== TASK DIRECTIONS ==
Every line of the material is to be quoted verbatim, minus the pictures.

== DATASET EXCERPT ==
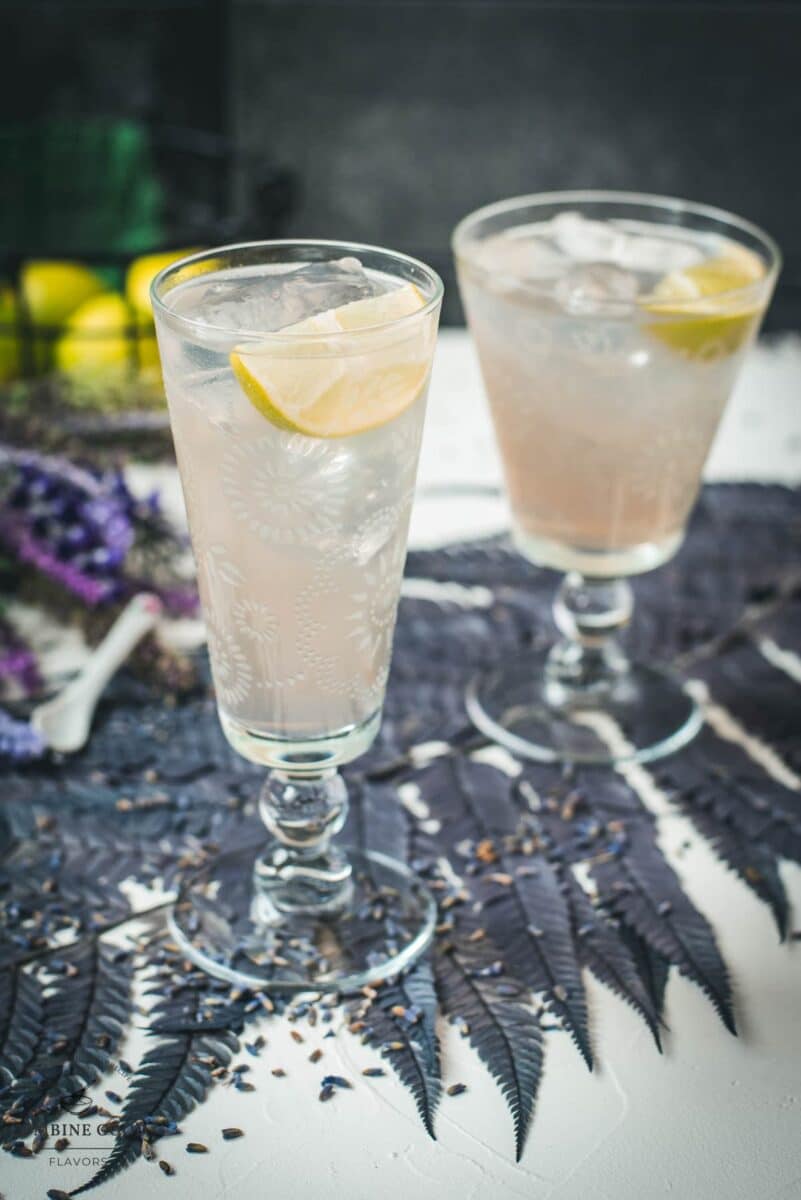 Two beautiful glasses with flower engraving filled with lavender Moscow Mule, arranged on dark blue purple leaves.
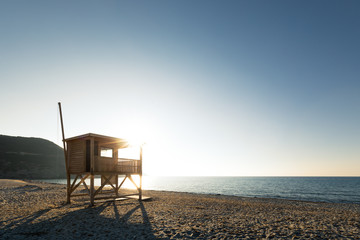 Evening sun on lifeguard tower on Ostriconi beach in Corsica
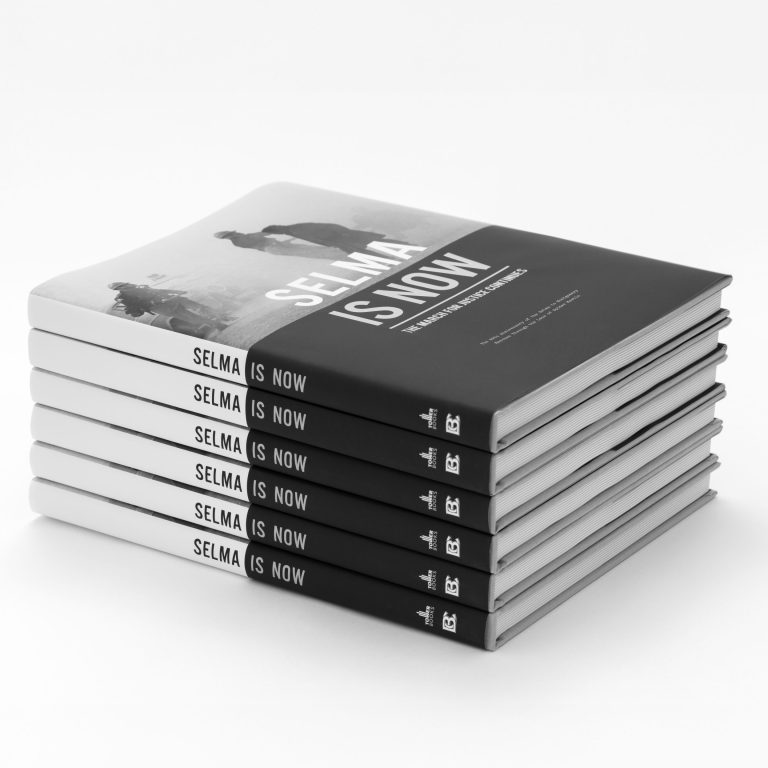 A stack of six hardcover books titled Selma Is Now with a black-and-white cover image of people marching, neatly arranged on a white surface.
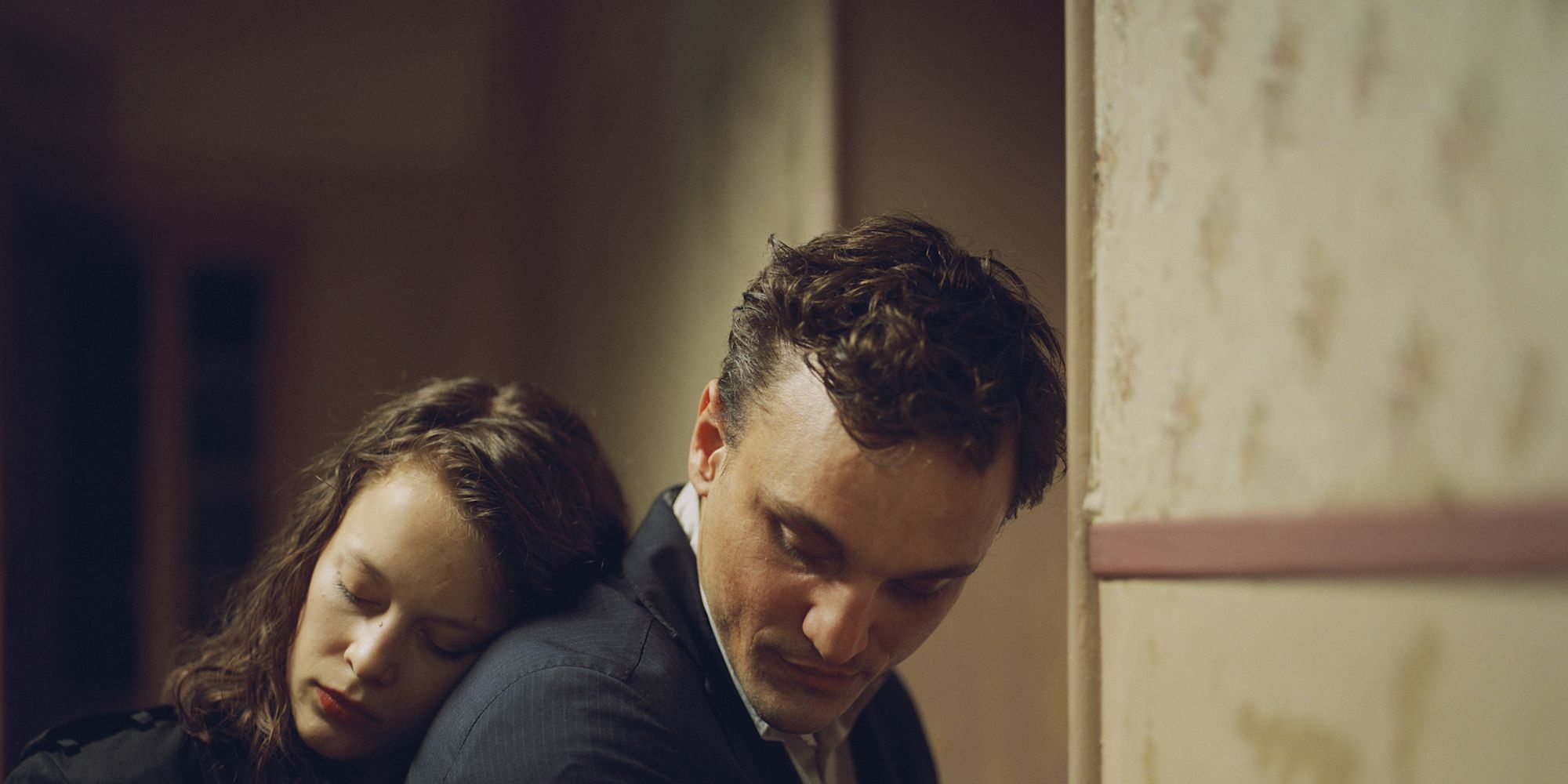 A woman leaning on a man's back in the film Transit 2018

== ANSWER SPACE ==
 Two beautiful glasses with flower engraving filled with lavender Moscow Mule, arranged on dark blue purple leaves.
 Evening sun on lifeguard tower on Ostriconi beach in Corsica
 A stack of six hardcover books titled Selma Is Now with a black-and-white cover image of people marching, neatly arranged on a white surface.
 A woman leaning on a man's back in the film Transit 2018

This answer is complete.